GERECHTSHOF ARNHEM-LEEUWARDEN

locatie Arnhem
afdeling civiel recht, handel
zaaknummer gerechtshof 200.224.763
(zaaknummer rechtbank 4279225)
arrest van 10 maart 2020
in de zaak van

1.[appellant]

2.
[appellante] ,
beiden wonende te [A] ,
appellanten,
in eerste aanleg: eisers in conventie, gedaagden in reconventie,
advocaat: mr. C.G. Mensink,
tegen:
[geïntimeerde],
wonende te [B] ,
geïntimeerde,
in eerste aanleg: gedaagde in conventie, eiser in reconventie,
advocaat: mr. P.H.A. Mulder,
Hierna zullen partijen kortweg worden aangeduid als: [appellant] (appellant), [appellante] (appellante), [appellanten] c.s. (appellanten gezamenlijk in mannelijk enkelvoud) en [geïntimeerde] (geïntimeerde).

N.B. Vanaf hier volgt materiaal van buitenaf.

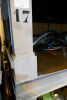 Heavy Duty Tool Racking - 2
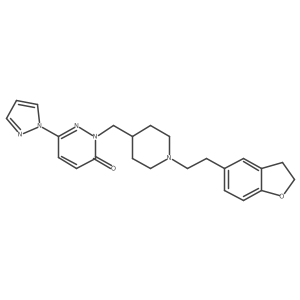 2097872-03-0 structure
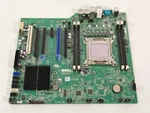 8HPGT Dell System Board Precision T3600. Fixed Price $22.99.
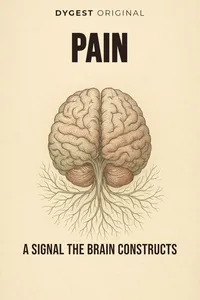 Pain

1.Het geding in eerste aanleg

Voor het geding in eerste aanleg verwijst het hof naar de inhoud van de vonnissen van 7 juni 2016, 27 september 2016 en 4 juli 2017 die de kantonrechter (rechtbank Overijssel, team kanton en handelsrecht, zittingsplaats Almelo) heeft gewezen.

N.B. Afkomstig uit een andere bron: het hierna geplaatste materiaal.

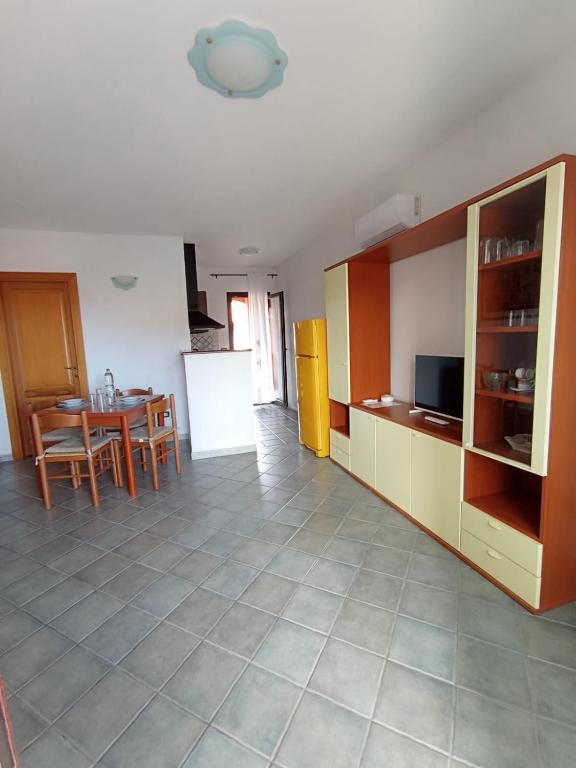 Appartamento Sardegna 2 - B&B Porto San Paolo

2.Het geding in hoger beroep

2.1.
Het verloop van de procedure blijkt uit:
- de dagvaarding in hoger beroep van 28 september 2017,
- de memorie van grieven,
- de memorie van antwoord met producties,
- het proces-verbaal van de terechtzitting van 19 februari 2020.
2.2.
Partijen hadden voorafgaand aan het pleidooi de stukken voor het wijzen van arrest aan het hof overgelegd. Na afloop van de pleidooien heeft het hof arrest bepaald.
3. De vaststaande feiten
3.1.
Het hof gaat in hoger beroep uit van de feiten zoals beschreven onder 2 van het vonnis van 27 september 2016. Deze komen erop neer dat [appellanten] c.s. en [geïntimeerde] op 29 juli 2013 een op schrift gestelde huurovereenkomst met elkaar hebben gesloten. [appellanten] c.s. heeft van [geïntimeerde] op grond van die overeenkomst een dienstwoning met kantoor/bedrijfsruimte gehuurd aan de [a-straat] 1 te [C] (hierna: het gehuurde), met ingang van 1 augustus 2013 voor de duur van twee jaren (met mogelijkheid van voortzetting). De huurprijs bedroeg € 1.000,00 per maand voor de dienstwoning en € 50,00 per maand voor het kantoor.
3.2.
Waar ook nog van uitgegaan kan worden is het volgende. [appellante] genoot inkomsten uit het verzorgen van gastouderopvang aan huis voor kinderen in het gehuurde. [geïntimeerde] heeft halverwege 2014 bij [appellanten] c.s. aangekaart dat hij persoonlijk en in financieel opzicht in zwaar weer zat en dat de bank van hem verlangde dat hij de huurovereenkomst zou beëindigen. Partijen zijn het eens geworden over beëindiging van de huurovereenkomst per 1 november 2014. [appellanten] c.s. heeft vervolgens andere woonruimte gevonden in [A] en heeft het gehuurde vóór de afgesproken datum ontruimd en verlaten.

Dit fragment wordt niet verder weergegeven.